This wet spring has been a blessing for the parched Colorado River, but it would take 21 more like it to fully restore the watershed, an expert on the river said.
“I keep getting asked that same question — is this spring going to be enough?” Brad Udall, a senior scientist and scholar at Colorado State University, told Cowboy State Daily on Thursday.
It would take at least six more springs like this one just to get the Colorado River Basin out of a water supply vs. demand deficit, and “that’s not going to happen,” he said.
Even further outside the realm of possibility, it would take 21 more springs like this one to completely refill the basin’s entire water infrastructure, including Lake Powell and Lake Mead, he said.
Get Used To It
So, the bottom line is water deficits are the norm along the Colorado River, he said.
The river and its tributaries supply water for 40 million people, including residents in Wyoming and six other states, numerous sovereign Native American tribes and Mexico.
Udall was one of the speakers during the 43rd annual Colorado Law Conference on Natural Resources on Thursdqy. The conference convened at the University Colorado Campus in Boulder, with the theme “Crisis on the Colorado River.”
Why 21 Is The Magic Number
Udall figures it would take 21 more years to completely refill the system because “the last time the system was this low, it took 21 years to refill,” he said.
He was referring to the springs between 1963 and 1983 as Lake Powell was coming online and filling up.

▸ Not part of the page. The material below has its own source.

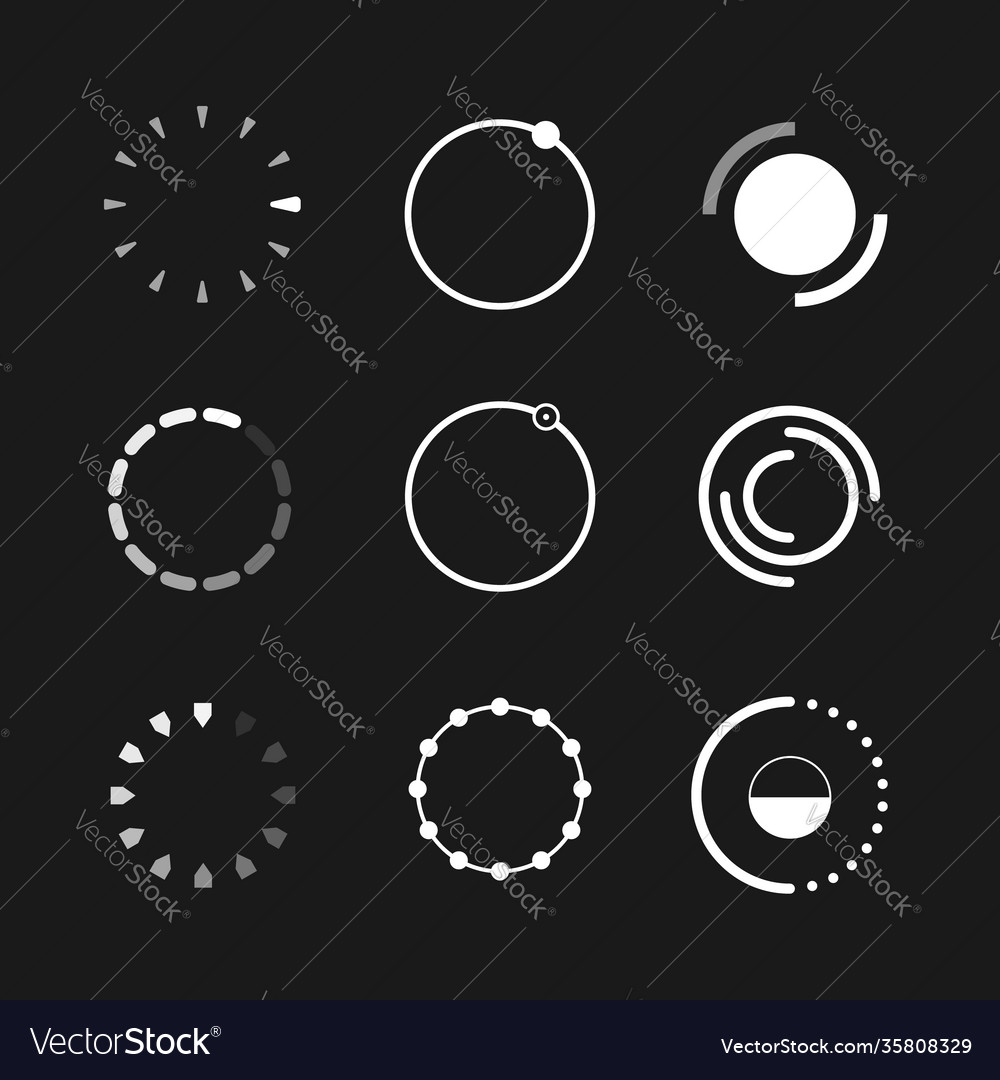 Progress Circle Loading Icon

However, even that might not be an accurate comparison, because demand on the river has grown massively since the 1980s, and most of the years since 2000 have been dryer than the years 1963-1983, he said.
Some Good News
The huge runoff from massive snowfalls across the West has been pumping water into Lake Powell and Mead, and that’s helped in short term, Udall and other speakers said.

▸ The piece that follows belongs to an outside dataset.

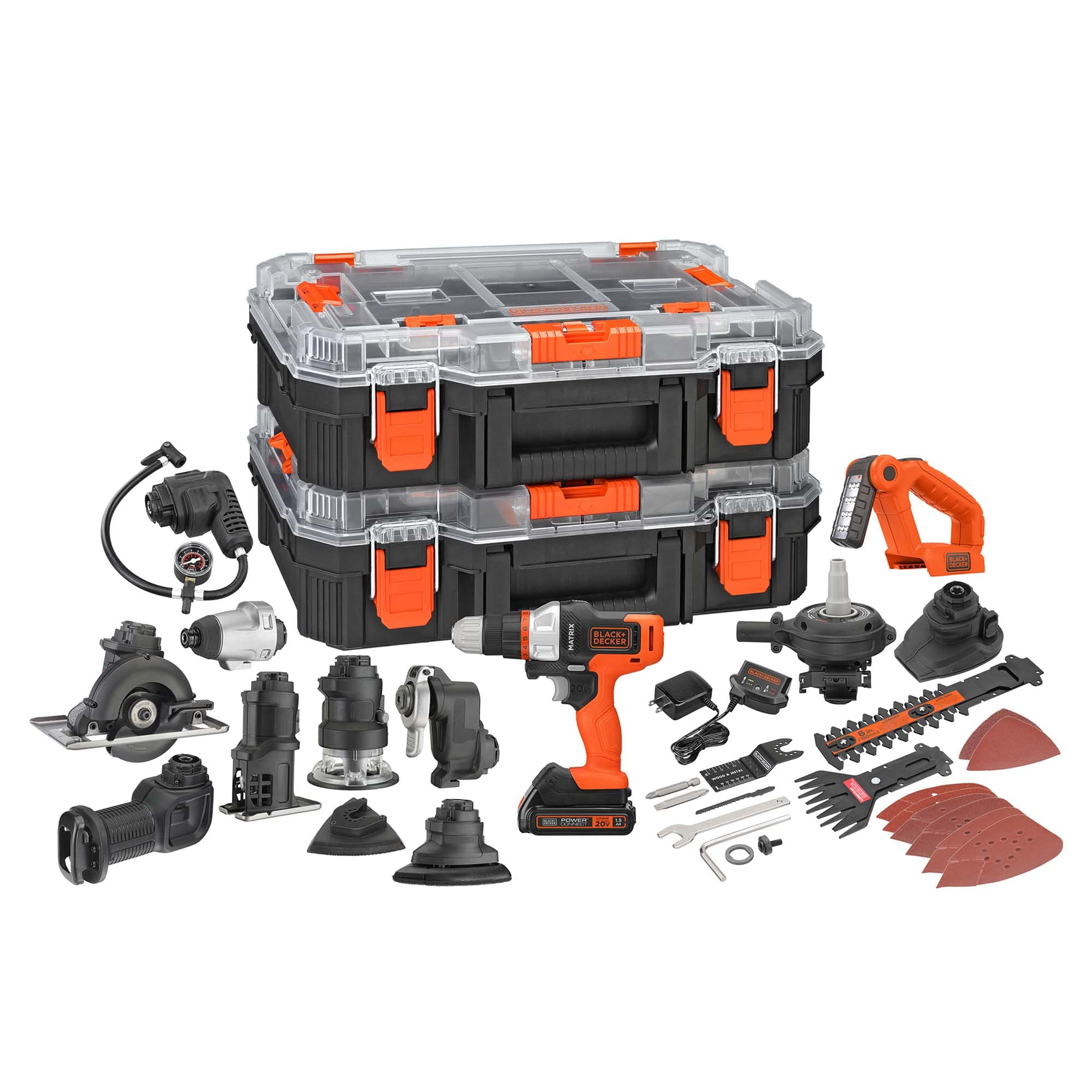 Kit De Herramientas Eléctricas Black+decker Matrix 20v Max, Taladro Inalámbrico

It’s gotten the Lower Basin States – California, Nevada and Arizona — out of the “dumpster fire” of reservoirs on the cusp of failure, said JB Hamby, a member of the Colorado River Board of California.

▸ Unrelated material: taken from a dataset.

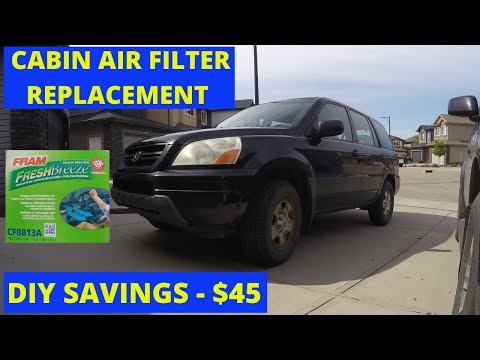 2005 Honda Pilot Kabinenluftfilter ersetzen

The Lower Basin states also recently agreed to cut back Colorado River water use by 3 million acre feet by 2026. An acre foot is enough water to cover an acre of land to the depth of a foot.
The tribes and all seven Colorado River states are preparing to negotiate the terms of an agreement to manage the water supplies beyond 2026. The states include Wyoming, Colorado, New Mexico in the Upper Basin and Arizona, Nevada and California in the Lower Basin.
Udall said one good year shouldn’t lull people into a sense of long-term security.
“One bad year, and we’re back to only 25% full” in the larger reservoirs, he said.
The numbers indicate a continuing trend of dry years, he said. That includes less precipitation feeding water into the river, and higher temperatures causing more water to evaporate before it can be used.
“We think that is being caused by humans,” he said.